Minimal Java/Scala job

apiVersion: onehouse.ai/v1beta2
kind: QuantonSparkApplication
metadata:
name: my-spark-job
namespace: default
spec:
sparkApplicationSpec:
type: Java
mode: cluster
mainClass: com.example.MyJob
mainApplicationFile: "s3://my-bucket/jars/my-job.jar"
sparkVersion: "3.5.0"
driver:
cores: 2
memory: "4096m"
serviceAccount: spark-operator-spark
executor:
cores: 4
instances: 3
memory: "8192m"

Minimal Python job

apiVersion: onehouse.ai/v1beta2
kind: QuantonSparkApplication
metadata:
name: my-pyspark-job
namespace: default
spec:
sparkApplicationSpec:
type: Python
mode: cluster
mainApplicationFile: "s3://my-bucket/scripts/my_job.py"
sparkVersion: "3.5.0"
driver:
cores: 2
memory: "4096m"
serviceAccount: spark-operator-spark
executor:
cores: 4
instances: 3
memory: "8192m"

The Quanton Operator automatically injects the correct runtime image — you don't specify it in the manifest.

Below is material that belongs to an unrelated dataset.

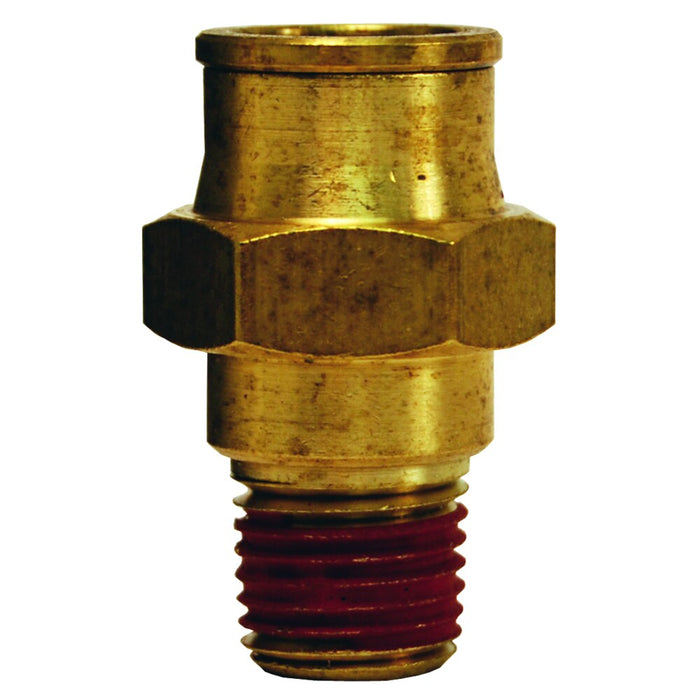 Conector Dixon 1/2" × 1/4" macho rosca macho NPTF en latón 6816X8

Default resource configuration

ComponentSpark config keyDefault
Driver coresspark.driver.cores4
Driver memoryspark.driver.memory8g
Driver memory overheadspark.driver.memory.overheadFactor0.35
Executor coresspark.executor.cores4
Executor memoryspark.executor.memory8g
Executor memory overheadspark.executor.memory.overheadFactor0.35
Dynamic allocationspark.dynamicAllocation.enabledtrue
Min executorsspark.dynamicAllocation.minExecutors0
Max executorsspark.dynamicAllocation.maxExecutors8

Pass Spark configuration

Add Spark conf keys under sparkConf:

spec:
sparkApplicationSpec:
sparkConf:
"spark.sql.shuffle.partitions": "200"
"spark.executor.memoryOverhead": "1g"
"spark.dynamicAllocation.maxExecutors": "16"

Resubmit a job

Jobs can only have one concurrent run. To resubmit:

Delete and re-apply:

kubectl delete quantonsparkapplication my-spark-job -n default
kubectl apply -f my-quanton-job.yaml

Or use a unique name each time:

# Edit metadata.name to be unique, then:
kubectl create -f my-quanton-job.yaml

Select a Python version

The Quanton Spark image includes Python 3.9, 3.11 (default), and 3.12. Override the interpreter with environment variables:

driver:
envVars:
PYSPARK_PYTHON: "/usr/bin/python3.12"
PYSPARK_DRIVER_PYTHON: "/usr/bin/python3.12"
executor:
envVars:
PYSPARK_PYTHON: "/usr/bin/python3.12"

Working with lakehouse formats

Apache Hudi

Hudi is pre-installed on the Quanton Spark image. No extra dependencies needed.

df.write.format("hudi") \
.option("hoodie.table.name", "my_table") \
.mode("append") \
.save("s3://my-bucket/hudi/my_table")

Apache Iceberg

Add the Iceberg dependency to your job JAR, or install via pip for PySpark. Use Iceberg's SparkCatalog extension:

sparkConf:
"spark.sql.extensions": "org.apache.iceberg.spark.extensions.IcebergSparkSessionExtensions"
"spark.sql.catalog.my_catalog": "org.apache.iceberg.spark.SparkCatalog"
"spark.sql.catalog.my_catalog.type": "hadoop"
"spark.sql.catalog.my_catalog.warehouse": "s3://my-bucket/iceberg"

Delta Lake

Add the Delta Spark dependency and configure:

sparkConf:
"spark.sql.extensions": "io.delta.sql.DeltaSparkSessionExtension"
"spark.sql.catalog.spark_catalog": "org.apache.spark.sql.delta.catalog.DeltaCatalog"

Airflow integration

Use the Quanton Operator's Airflow provider to submit jobs from DAGs. This enables scheduling, dependency management, and retry logic on top of Quanton jobs.